The Goat of Mendes , as portrayed in the Hammer film adaptation of
Dennis Wheatley’s ‘ The Devil Rides out ‘


    For Aleister Crowley Levi’s Baphomet was an important figure within his Thelemic cosmos and he asserted that the Baphomet was a divine androgyne and ‘the hieroglyph of arcane perfection’ – in essence that which reflects, or ‘As above so below’. Featured heavily within the Creed of the Gnostic Catholic Church, the congregation recites in The Gnostic Mass, ‘And I believe in the Serpent and the Lion, Mystery of Mysteries, in His name BAPHOMET’

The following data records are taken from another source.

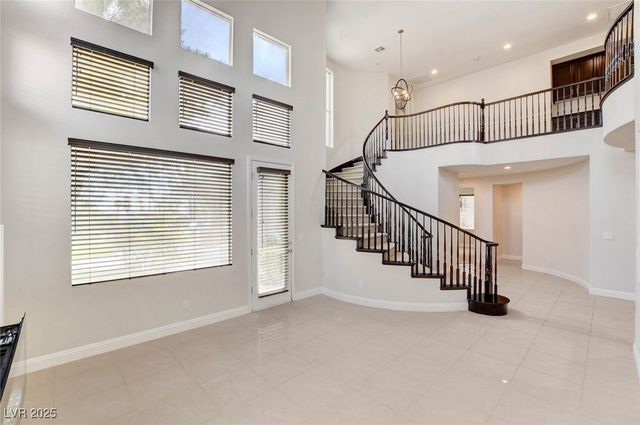 2952 Soft Horizon Way, Las Vegas, NV 89135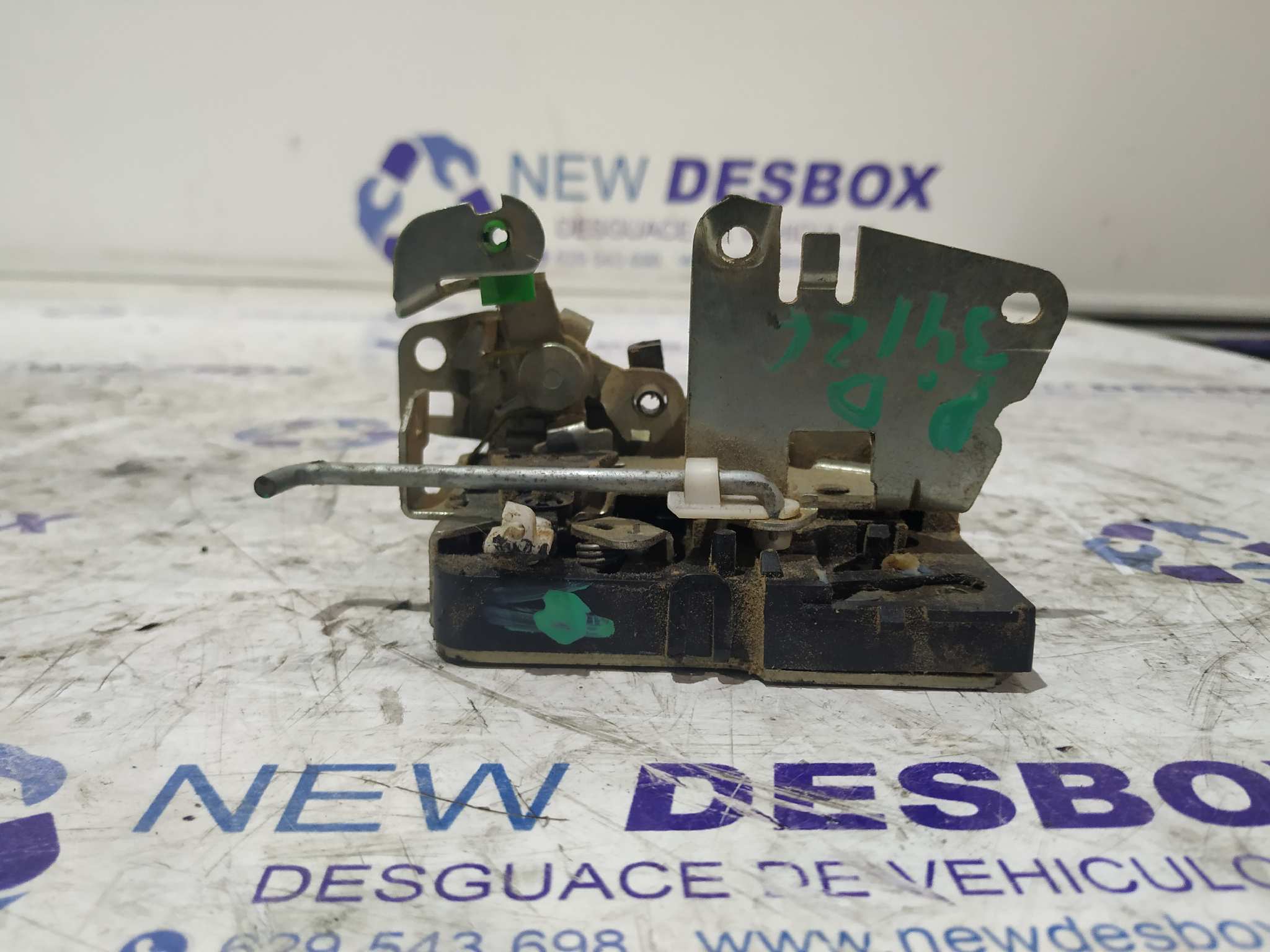 CERRADURA PUERTA DELANTERA DERECHA AIXAM A721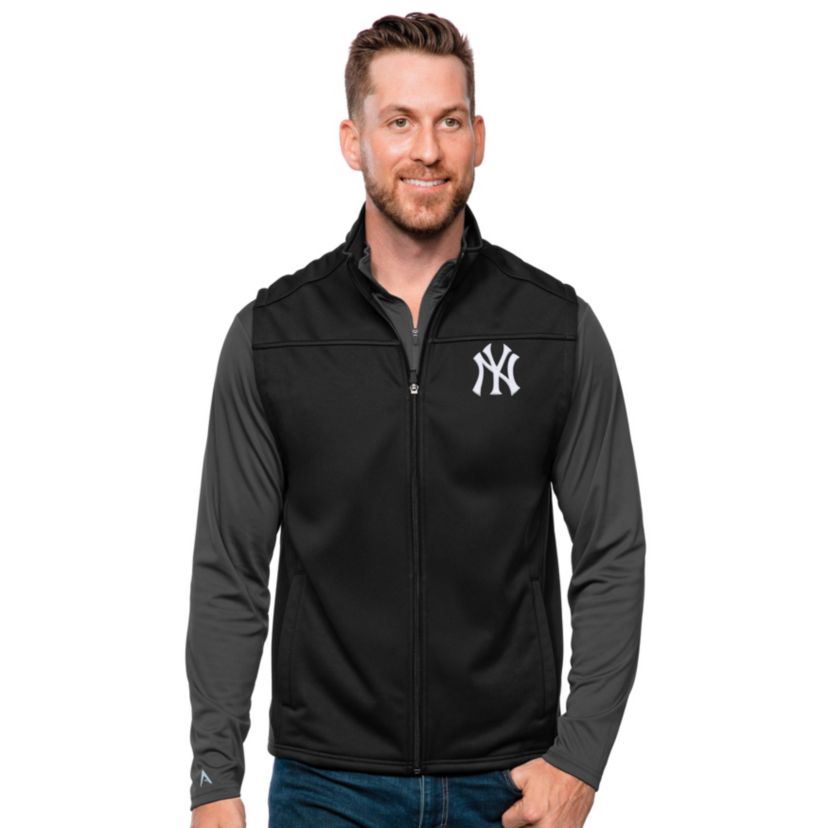MLB New York Yankees Mens Links Golf Vest
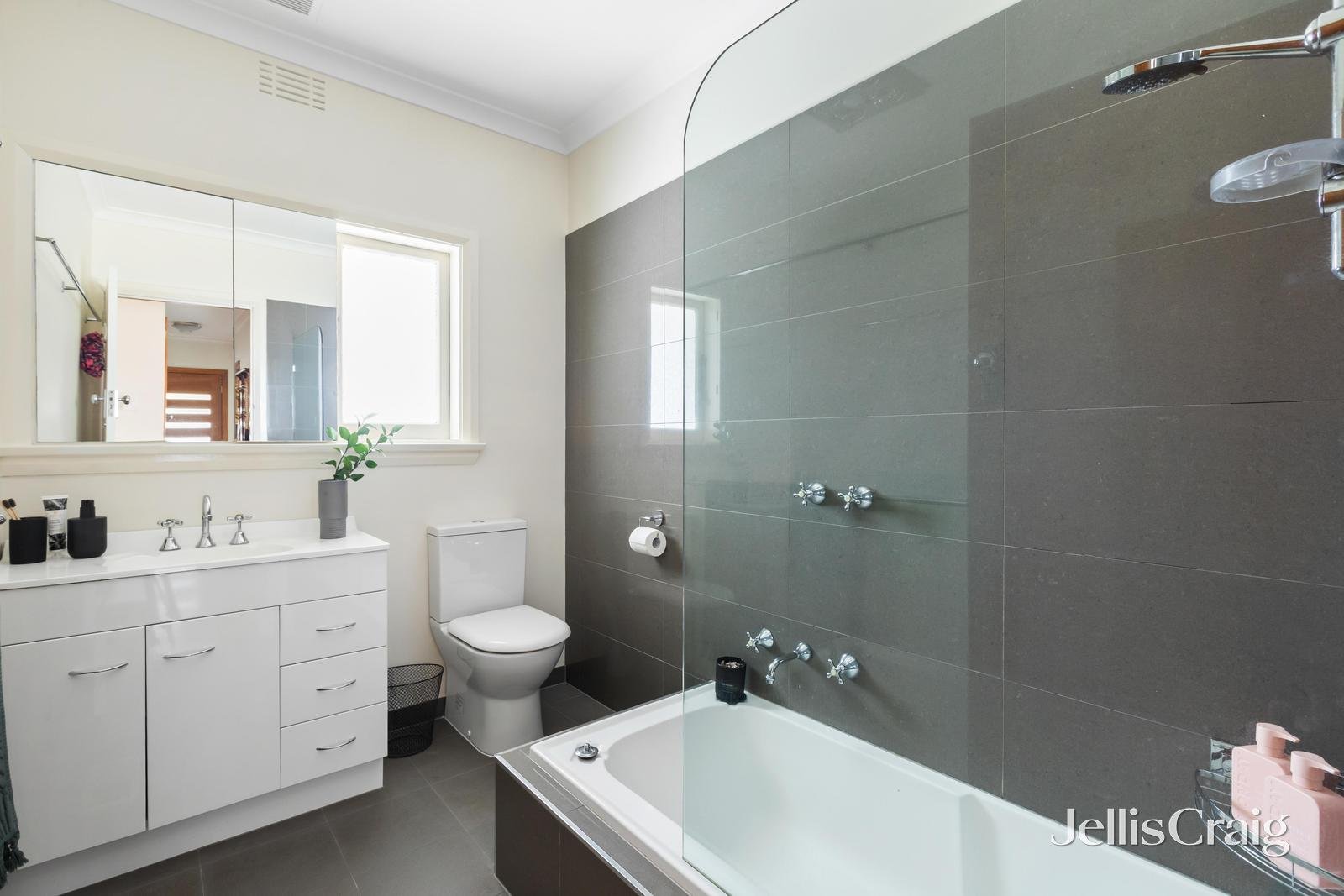 739 South Road, Bentleigh East image 9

    Crowley went further in clarifying his tenets by stating that ‘The Devil does not exist. It is a false name invented by the Black Brothers to imply a Unity in their ignorant muddle of dispersions. A devil who had unity would be a God... 'The Devil' is, historically, the God of any people that one personally dislikes... This serpent, SATAN, is not the enemy of Man, but He who made Gods of our race, knowing Good and Evil; He bade 'Know Thyself!' and taught Initiation. He is 'The Devil' of The Book of Thoth, and His emblem is BAPHOMET, the Androgyne who is the hieroglyph of arcane perfection... He is therefore Life, and Love. But moreover his letter is Ayin, the Eye, so that he is Light; and his Zodiacal image is Capricornus, that leaping goat whose attribute is Liberty’

     At the end of it all you can either adapt your own beliefs or hide behind them depending on how you feel on such matters. For myself I believe the Baphomet to be an allegorical depiction of some Higher Consciousness that exists possibly with the hope that humanity may actually learn to rely less on modern technology and more on instinct and the pursuit of a higher level of awareness. There is a phrase that doubtless Crowley took from those famous inscriptions carved upon the walls of the Delphic Temple – ‘Gnothi seauton’ , he included it in the above passage, which translated from the Greek is generally taken to be ‘ Know thyself- then follow the God’ . Gnosis, self- knowledge and the union with the God, what more could we aim for? 



   Look to yourself, look above, look below, look at everything, for everything has a reason to ‘be’ as much as everything has a reason not to ‘be’ and in learning why perhaps, with time and effort,  you will discover your own place and why you yourself are here.